Photo credit: Reuters

Sunday, June 2, 2013

Naimatullah's Sense of Justice

Dear Mr. President,
Naimatullah has been searching since November 20 for his brothers, Sediqullah, and Estmatullah. They disappeared in an American Special Forces raid on the village of Amer Kheil in the Nerkh district of Wardak province and were last seen being taken into the Special Forces base camp nearby. Naimatullah found his brothers yesterday—or what was left of them—buried outside that base (today’s NYT, p. A4). After 2 other bodies were dug up on Thursday, villagers kept digging until they found Sediqullah and Estmatullah. Like Nawab (my May 29 letter), they had been blown up and only bits of bone, flesh and clothing were left to identify them but there’s no doubt in Naimatullah’s mind that they were his brothers.

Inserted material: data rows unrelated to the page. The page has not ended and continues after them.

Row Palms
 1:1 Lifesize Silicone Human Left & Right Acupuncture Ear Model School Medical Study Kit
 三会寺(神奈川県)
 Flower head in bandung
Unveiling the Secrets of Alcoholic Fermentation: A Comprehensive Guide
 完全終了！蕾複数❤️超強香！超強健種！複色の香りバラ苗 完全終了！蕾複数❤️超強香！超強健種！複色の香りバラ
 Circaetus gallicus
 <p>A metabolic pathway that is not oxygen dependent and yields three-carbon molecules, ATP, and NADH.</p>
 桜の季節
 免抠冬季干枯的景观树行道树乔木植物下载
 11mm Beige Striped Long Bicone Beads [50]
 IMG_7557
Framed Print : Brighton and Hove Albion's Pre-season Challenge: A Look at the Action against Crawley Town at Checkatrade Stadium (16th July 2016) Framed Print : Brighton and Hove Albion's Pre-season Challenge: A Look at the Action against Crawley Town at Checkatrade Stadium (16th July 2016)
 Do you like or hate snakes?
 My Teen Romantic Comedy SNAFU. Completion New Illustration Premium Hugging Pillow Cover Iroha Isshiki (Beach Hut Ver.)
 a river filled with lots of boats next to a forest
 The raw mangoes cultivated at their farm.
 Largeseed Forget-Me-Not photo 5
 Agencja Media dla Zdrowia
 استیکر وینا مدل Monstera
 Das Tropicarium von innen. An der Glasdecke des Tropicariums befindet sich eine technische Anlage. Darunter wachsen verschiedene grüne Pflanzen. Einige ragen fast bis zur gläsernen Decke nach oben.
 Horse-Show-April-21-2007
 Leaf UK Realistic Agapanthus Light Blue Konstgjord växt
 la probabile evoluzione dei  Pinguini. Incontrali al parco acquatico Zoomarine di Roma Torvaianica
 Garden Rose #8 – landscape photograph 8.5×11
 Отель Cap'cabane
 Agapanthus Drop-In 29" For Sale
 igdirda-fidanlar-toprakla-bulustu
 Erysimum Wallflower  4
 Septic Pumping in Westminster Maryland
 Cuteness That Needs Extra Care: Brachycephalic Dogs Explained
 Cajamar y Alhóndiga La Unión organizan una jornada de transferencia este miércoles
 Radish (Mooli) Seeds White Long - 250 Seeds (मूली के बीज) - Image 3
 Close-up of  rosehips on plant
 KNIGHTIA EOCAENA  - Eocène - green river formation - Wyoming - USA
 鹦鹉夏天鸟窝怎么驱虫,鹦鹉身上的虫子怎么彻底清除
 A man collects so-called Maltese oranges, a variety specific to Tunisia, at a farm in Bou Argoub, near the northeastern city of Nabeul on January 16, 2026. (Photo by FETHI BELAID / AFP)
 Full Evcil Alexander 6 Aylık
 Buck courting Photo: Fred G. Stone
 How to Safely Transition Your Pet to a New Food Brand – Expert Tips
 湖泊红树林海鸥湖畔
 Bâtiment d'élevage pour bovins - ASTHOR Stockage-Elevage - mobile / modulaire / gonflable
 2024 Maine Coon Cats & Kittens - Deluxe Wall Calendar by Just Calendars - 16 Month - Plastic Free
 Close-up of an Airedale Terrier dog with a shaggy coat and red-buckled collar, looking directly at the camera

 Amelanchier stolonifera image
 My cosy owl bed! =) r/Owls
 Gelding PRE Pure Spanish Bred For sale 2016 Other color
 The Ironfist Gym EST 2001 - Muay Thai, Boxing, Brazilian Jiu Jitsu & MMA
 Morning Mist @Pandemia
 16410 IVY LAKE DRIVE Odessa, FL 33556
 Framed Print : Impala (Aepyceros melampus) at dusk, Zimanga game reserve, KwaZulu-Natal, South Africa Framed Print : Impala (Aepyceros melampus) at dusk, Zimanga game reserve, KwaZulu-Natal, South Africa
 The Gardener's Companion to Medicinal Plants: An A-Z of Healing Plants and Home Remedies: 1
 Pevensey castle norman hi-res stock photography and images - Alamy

They were among 17 men taken from the area by Special Forces; 14 have been recovered so far. The military denies any involvement in their deaths in spite of a video showing some of the men being tortured and killed by Zakaria Kandahari (with American voices in the background). Afghan authorities say Kandahari is an Afghan-American; Americans claim he’s a low-level Afghan translator. Mysteriously, Kandahari disappeared, the Afghans claim with help from the Americans—which the Americans deny—and the military’s sticking to its story that there’s no evidence U.S. forces were involved although they refuse to release the results of internal investigations. Naimatullah, however, no longer cares about official investigations; his brothers are dead and he asks, “If my brothers were guilty, if they were criminals or Taliban, which court proved that? Which law allowed them to kill my brothers and dump their bodies in the middle of nowhere?” This is a question we should all be asking: What gives America the right to kill anyone anywhere with impunity? Where’s the evidence Sediqullah and Estmatullah were a threat to the U.S.? What law justified the torture and murder of those 17 Afghans that Special Forces rounded up? What law justified last Wednesday’s CIA drone strike in North Waziristan that killed 4 people—a “courtesy killing” of someone the Pakistanis wanted killed but who posed no threat to the U.S.? Or the drone strike yesterday in Yemen that killed 7? And by the way, Mr. President, what law gives you the right to order the force-feeding of hunger strikers in Guantanamo? Or even to be held without charge, without a trial and without evidence? An Afghan villager has a clearer sense of justice than a Nobel Peace Prize winning American president.